What to do
Will you write out the data exactly, excluding every picture?

Input data
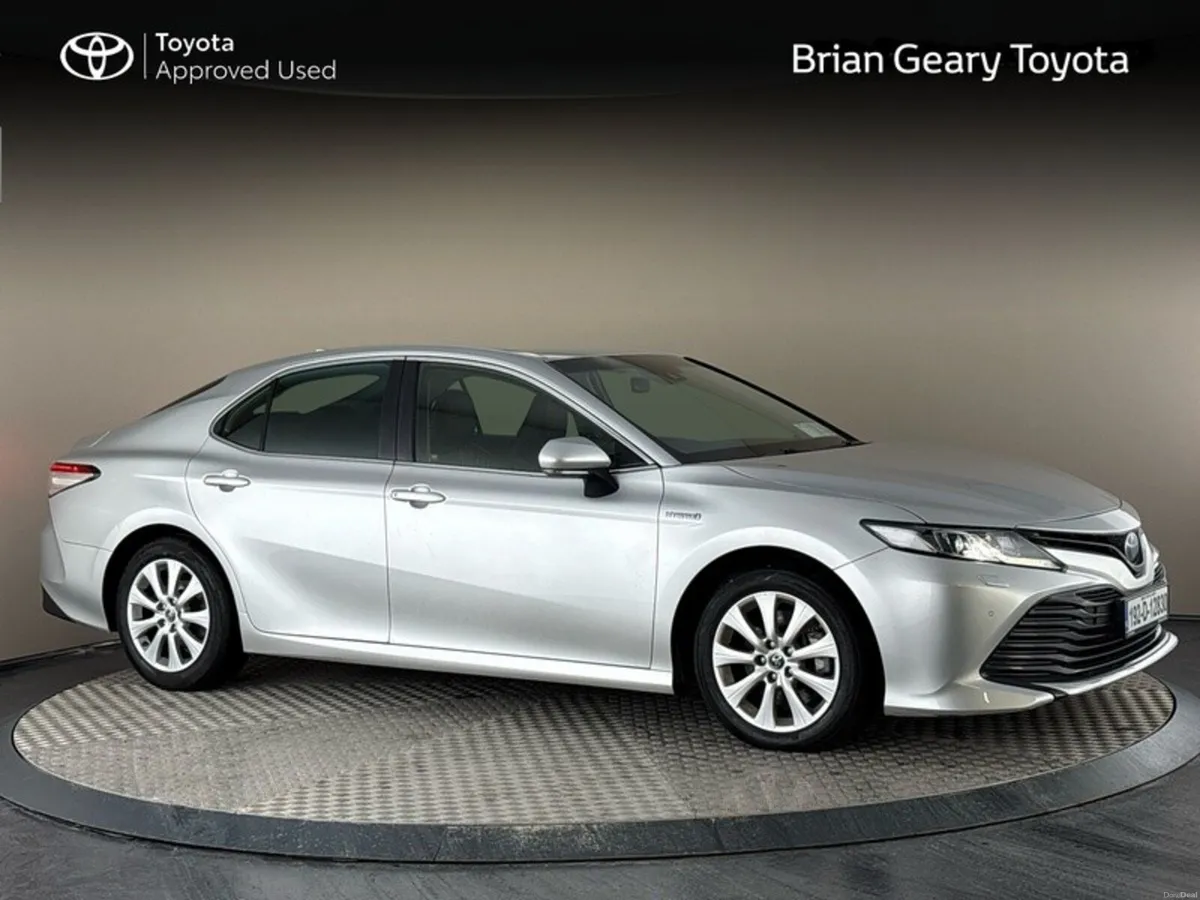 Toyota Camry HYBRID SOL *Irish car* - Image 1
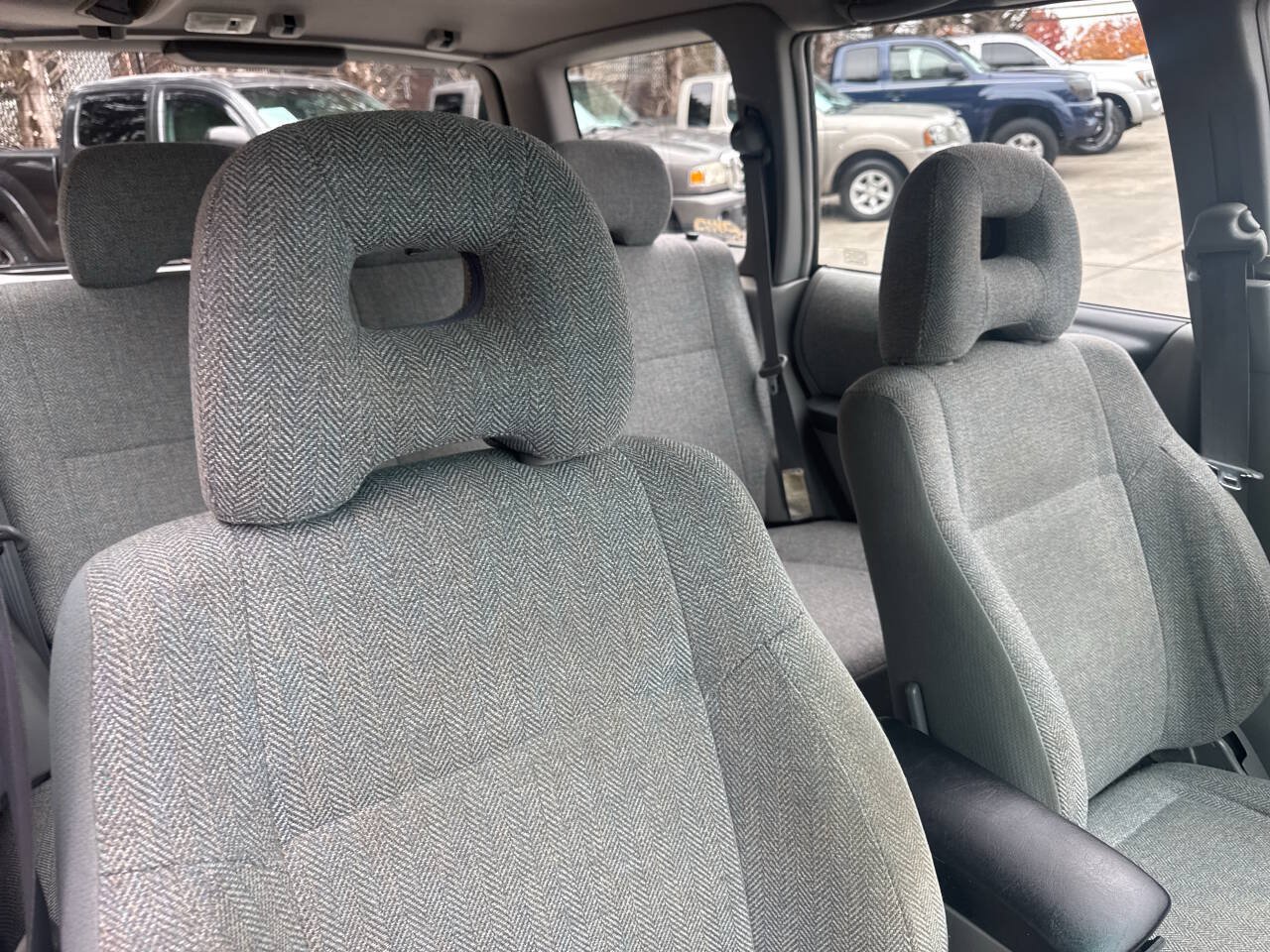 Used 2001 Subaru Forester L AWD/4WD image 20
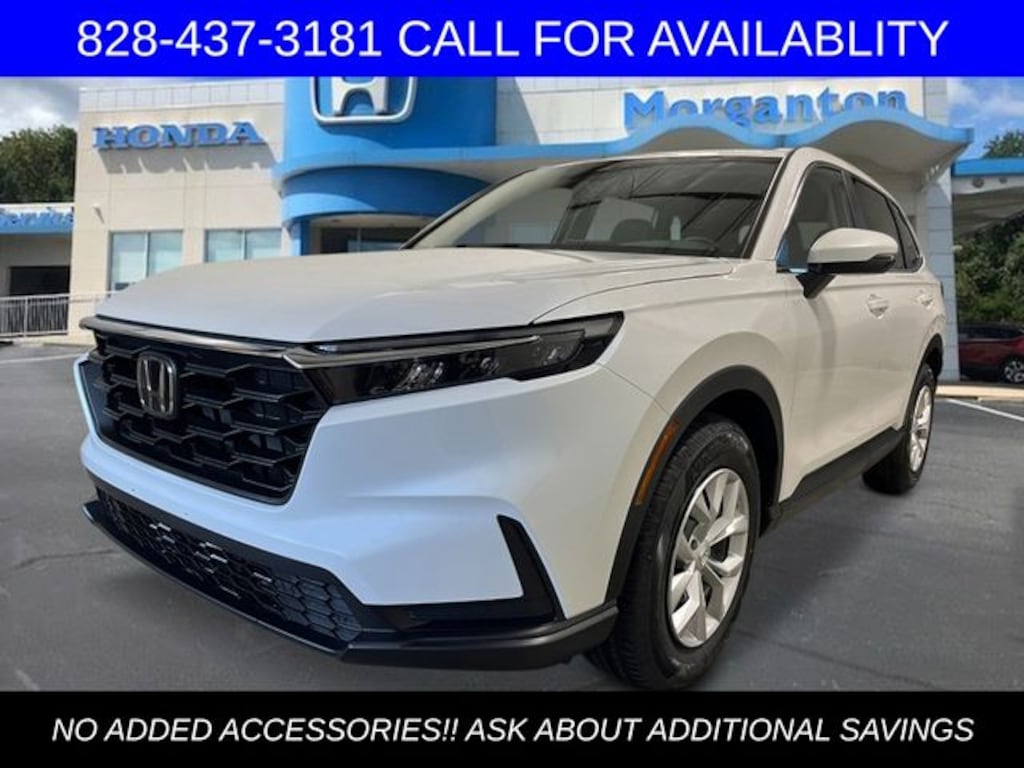 New 2026 Honda CR-V LX SUV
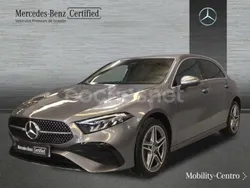 Mercedes A250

Answer for this exercise
 Toyota Camry HYBRID SOL *Irish car* - Image 1
 Used 2001 Subaru Forester L AWD/4WD image 20
 New 2026 Honda CR-V LX SUV
 Mercedes A250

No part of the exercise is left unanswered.